The supply of personal protective equipment in Scotland is “much better” than before the pandemic and stocks are significantly higher, Nicola Sturgeon has said.
The First Minister faced questions on a report which found Scotland’s central stockpile of PPE ran “very low” in April 2020.
The Audit Scotland report also found the surge in PPE prices early in the pandemic cost the NHS £37.4m more than normal.
It repeated an earlier finding that the Scottish Government did not fully implement recommendations from pandemic preparedness exercises.
Scottish Labour leader Anas Sarwar raised the issue at First Minister’s Questions on Thursday.
He said: “You may not have run out of PPE on your spreadsheet, but it ran out in hospitals and our care settings.
“Ask the healthcare workers and they will tell you the truth.
“Today’s Audit Scotland report confirms that central stocks of PPE were so low at points they could have run out in eight hours.
“A lack of PPE had consequences, and devastating ones.

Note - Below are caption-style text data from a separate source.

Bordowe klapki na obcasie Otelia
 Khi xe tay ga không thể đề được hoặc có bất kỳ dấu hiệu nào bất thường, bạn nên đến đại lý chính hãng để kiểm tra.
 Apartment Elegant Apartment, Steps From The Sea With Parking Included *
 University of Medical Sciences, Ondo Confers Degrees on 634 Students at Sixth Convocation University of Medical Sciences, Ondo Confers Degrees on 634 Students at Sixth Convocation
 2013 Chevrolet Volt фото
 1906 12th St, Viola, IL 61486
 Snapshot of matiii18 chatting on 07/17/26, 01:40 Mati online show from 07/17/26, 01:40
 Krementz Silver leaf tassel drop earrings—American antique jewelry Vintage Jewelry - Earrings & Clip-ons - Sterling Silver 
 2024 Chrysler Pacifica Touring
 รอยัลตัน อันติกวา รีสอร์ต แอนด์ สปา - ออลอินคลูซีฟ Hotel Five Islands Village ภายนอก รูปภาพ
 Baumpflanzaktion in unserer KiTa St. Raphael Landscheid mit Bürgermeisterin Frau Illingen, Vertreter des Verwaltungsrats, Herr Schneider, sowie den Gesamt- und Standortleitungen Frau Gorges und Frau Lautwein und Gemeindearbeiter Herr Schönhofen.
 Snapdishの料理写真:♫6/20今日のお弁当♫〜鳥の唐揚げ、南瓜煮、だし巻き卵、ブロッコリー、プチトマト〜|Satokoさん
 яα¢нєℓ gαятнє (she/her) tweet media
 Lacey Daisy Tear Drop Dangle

“It cost lives, in Scotland a sixth of all cases admitted to hospital in the first wave were healthcare workers or members of their household.
“In total, 21 healthcare staff and 28 social care workers have tragically lost their lives to Covid-19 in Scotland.”
Sturgeon said she welcomes scrutiny into the government’s handling of the pandemic but she insisted warnings were not ignored.
She thanked those who “worked so hard to ensure that at no point Scotland ran out of PPE”, saying the auditor general had noted the Scottish Government and NHS had worked well together in challenging circumstances.
The First Minister said: “We worked hard – again reflected in this report – to make sure, often on same-day turnaround, that health boards across the country had supplies of PPE.
“Of course there’s a lot of learning already been done, and we now have domestic supply chains for PPE that are much better than before the pandemic.
“Before the pandemic, around 100% of all of our PPE was imported, now the majority of it is actually manufactured here in Scotland.
“We now have significantly higher stocks of PPE, hopefully we won’t need the same volumes in future.
“But every step of the way we have worked hard, which is reflected in the Audit Scotland report, reflected by the auditor general, to make sure that our staff had PPE and we will continue to do that each and every day.”